• **Available data**:
◇ ◇ ◇

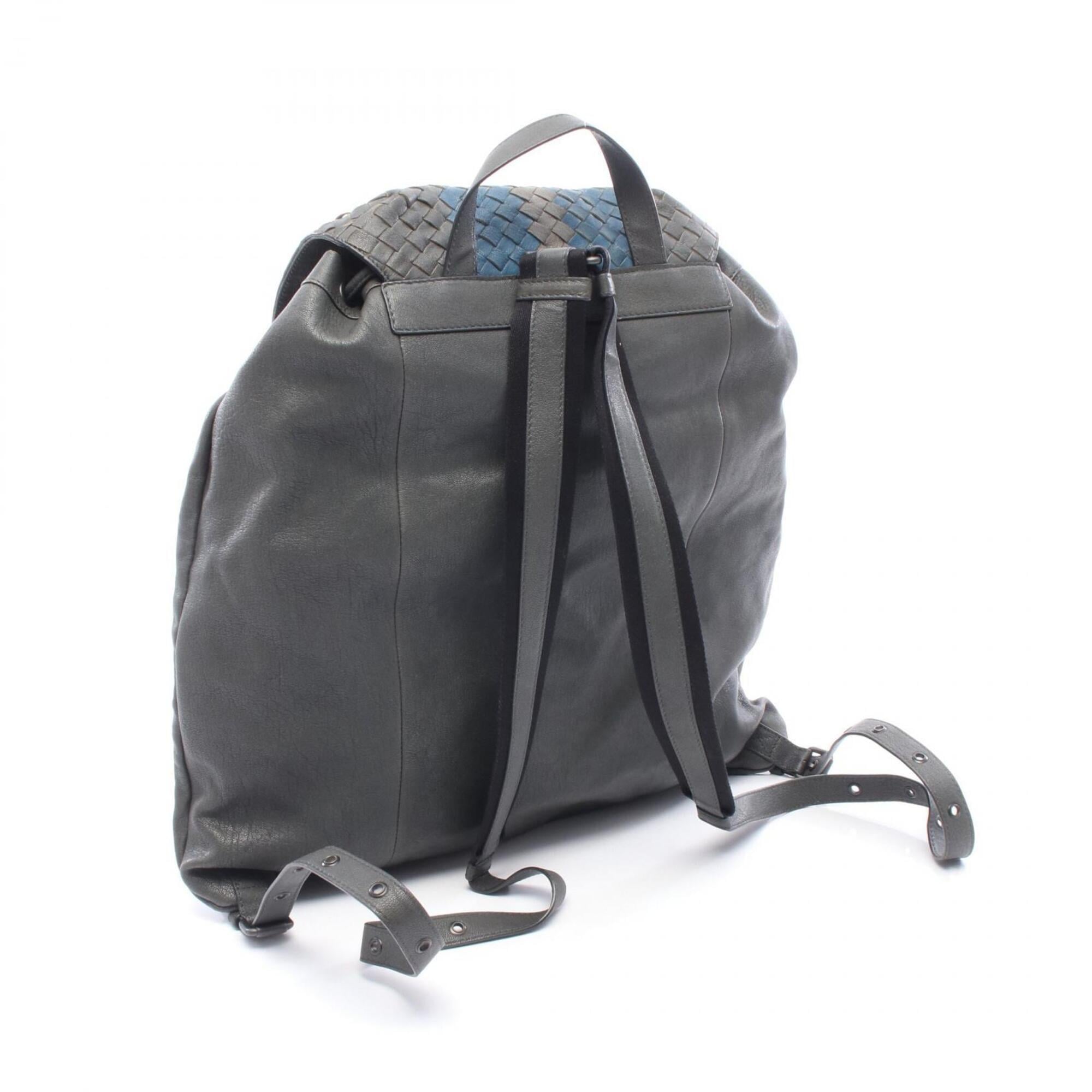 Bottega Veneta Blue Gray Intrecciato Backpack (Pre-Owned)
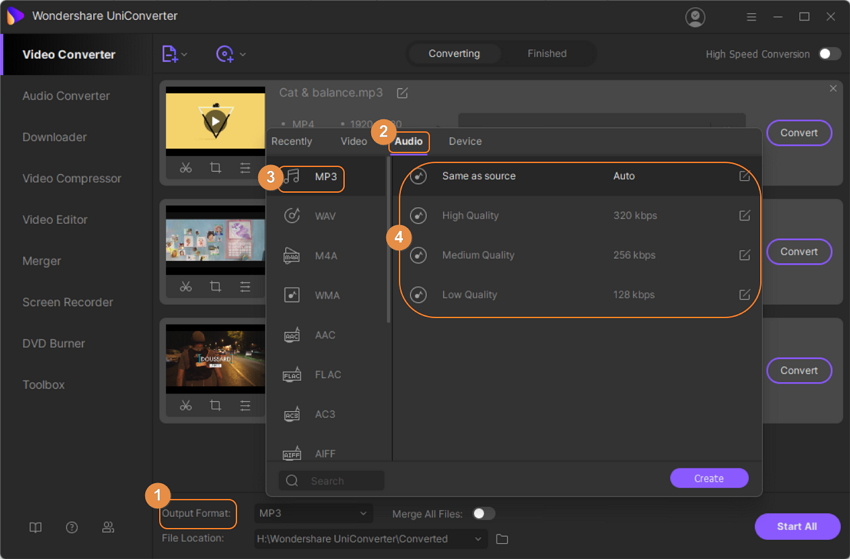 Select Output Format as MP3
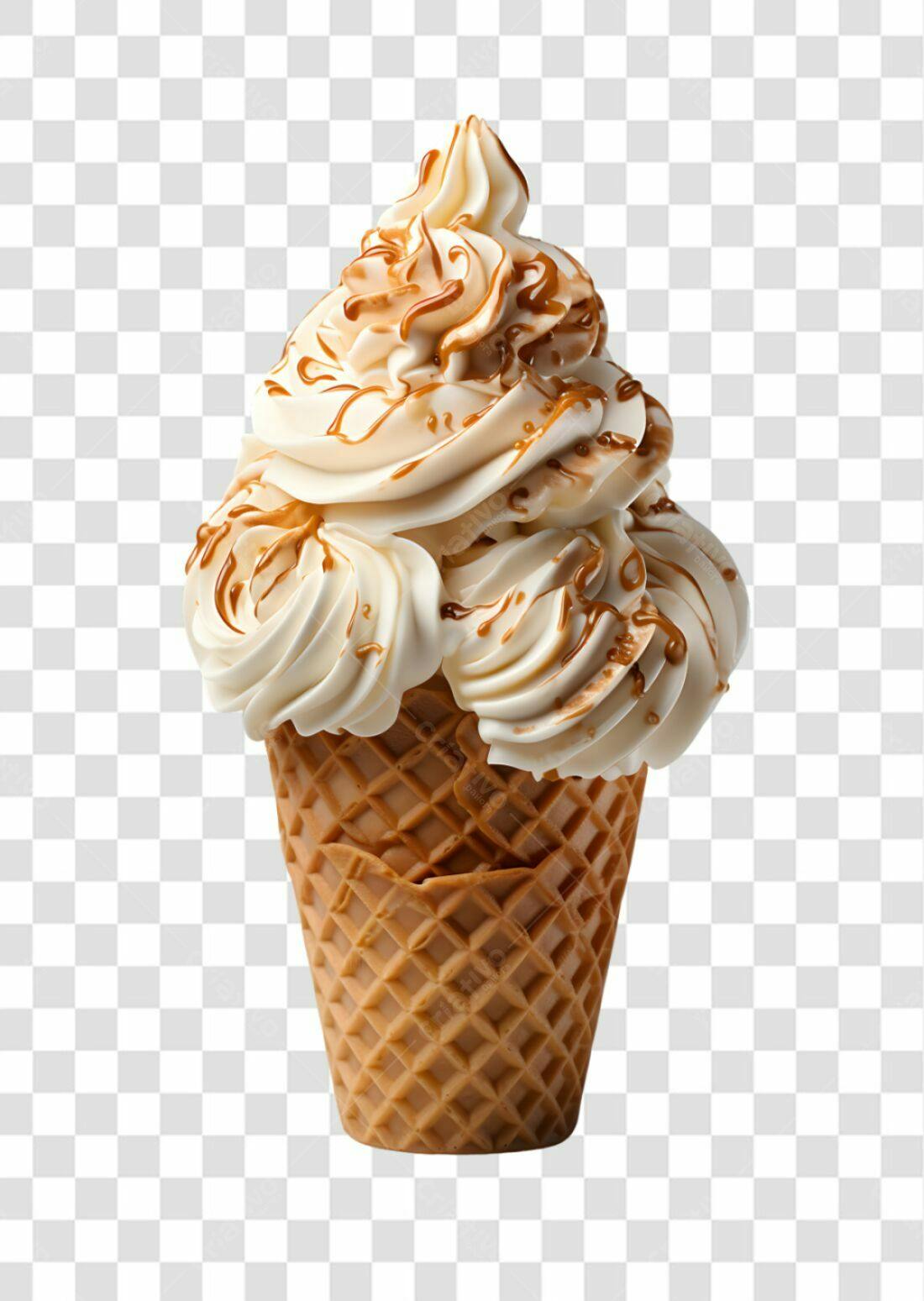 Icone Sorvete de Creme com Calda PNG com fundo transparente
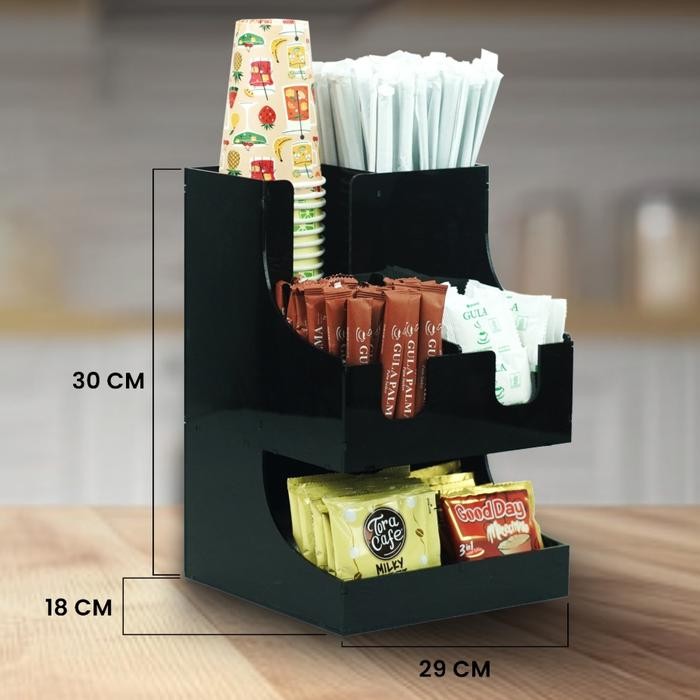 

Akrilik Dispenser Multifungsi Display Cup Kopi Sedotan Gula Sachet Kopi & Teh Sachet Uk 29 x 18 x 30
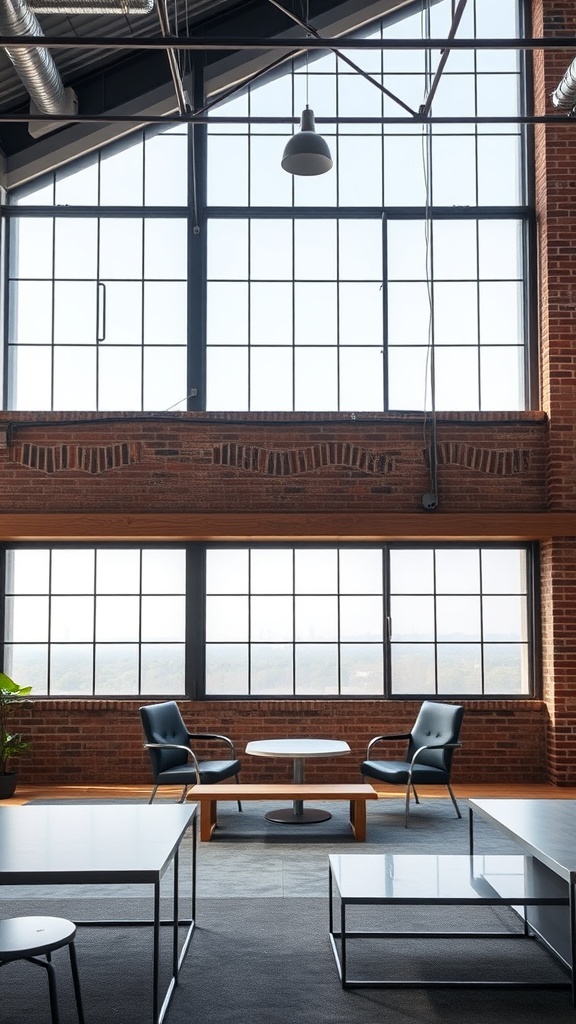 A spacious interior featuring exposed brick walls, metal accents, and minimalist furniture.
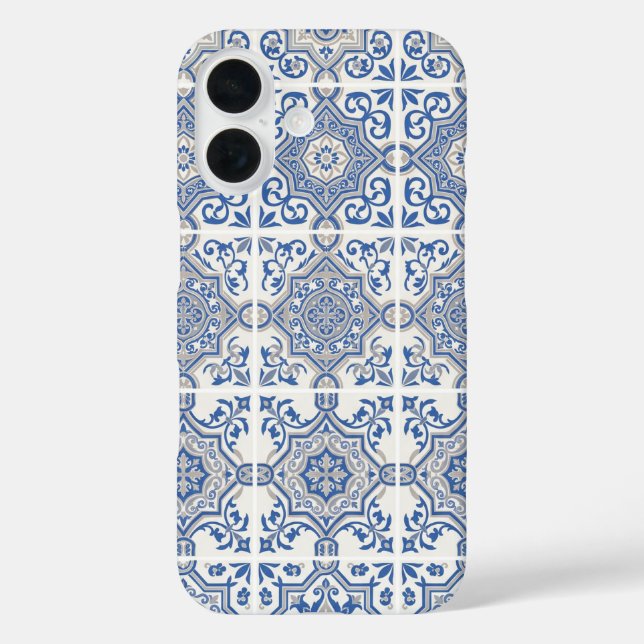 Funda iPhone 16 Azulejo Azul Portugués (Reverso )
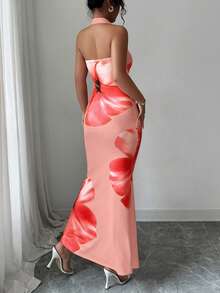 SHEIN PETITE Đầm nữ dài ngang gối dáng ôm in họa tiết, cổ yếm, thắt eo, kiểu dáng mùa hè 2025. - Bụi hồng - Xem 2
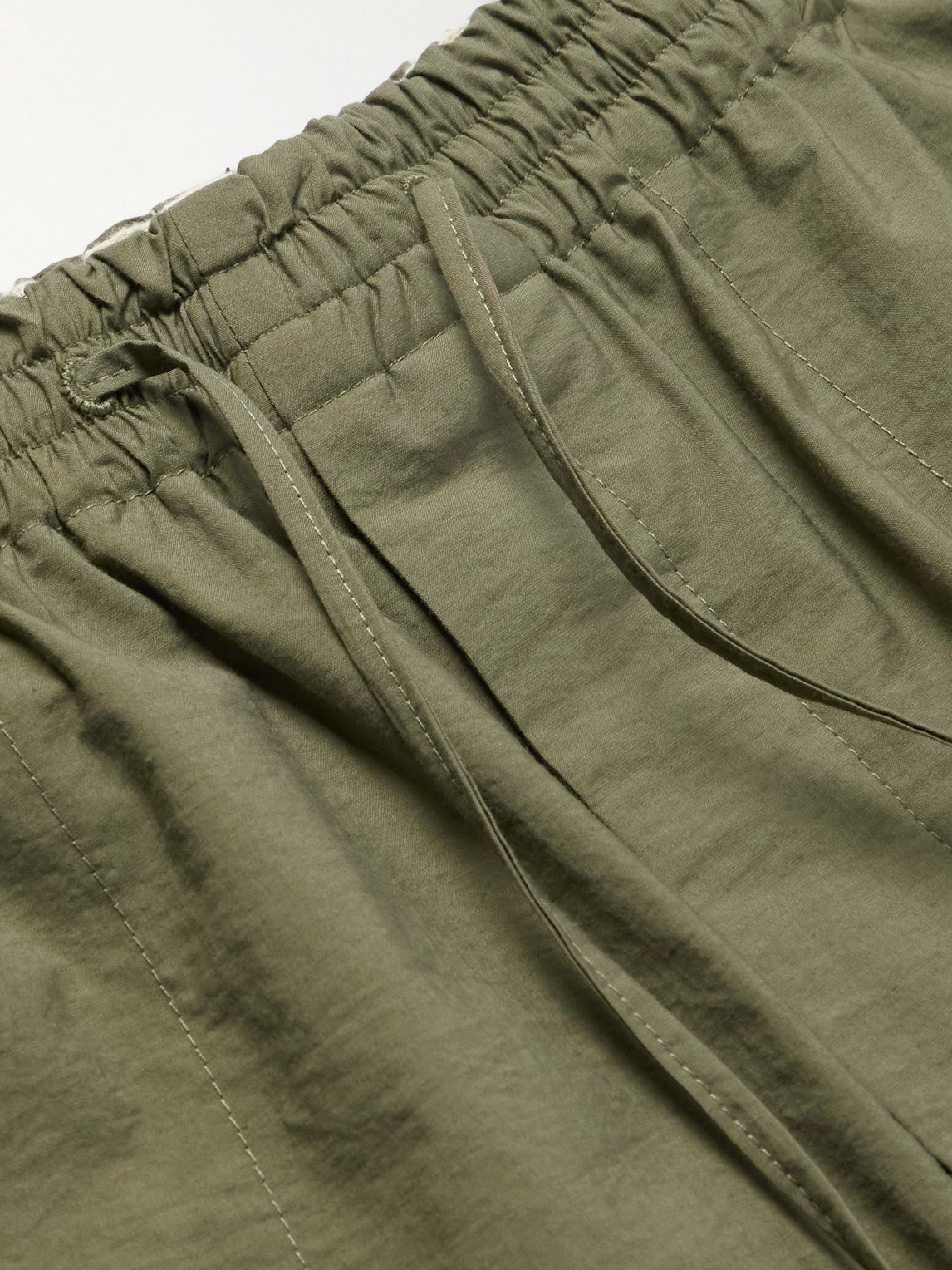Shop Loewe Paula's Ibiza Straight-leg Cropped Cotton-blend Drawstring Trousers In Green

◇ ◇ ◇

• **What is being asked**: From the first line of the entries above through the line with "Akrilik Dispenser Multifungsi", set down each line exactly and drop the pictures.

• **Completed task**:
 Bottega Veneta Blue Gray Intrecciato Backpack (Pre-Owned)
 Select Output Format as MP3
 Icone Sorvete de Creme com Calda PNG com fundo transparente

Akrilik Dispenser Multifungsi Display Cup Kopi Sedotan Gula Sachet Kopi & Teh Sachet Uk 29 x 18 x 30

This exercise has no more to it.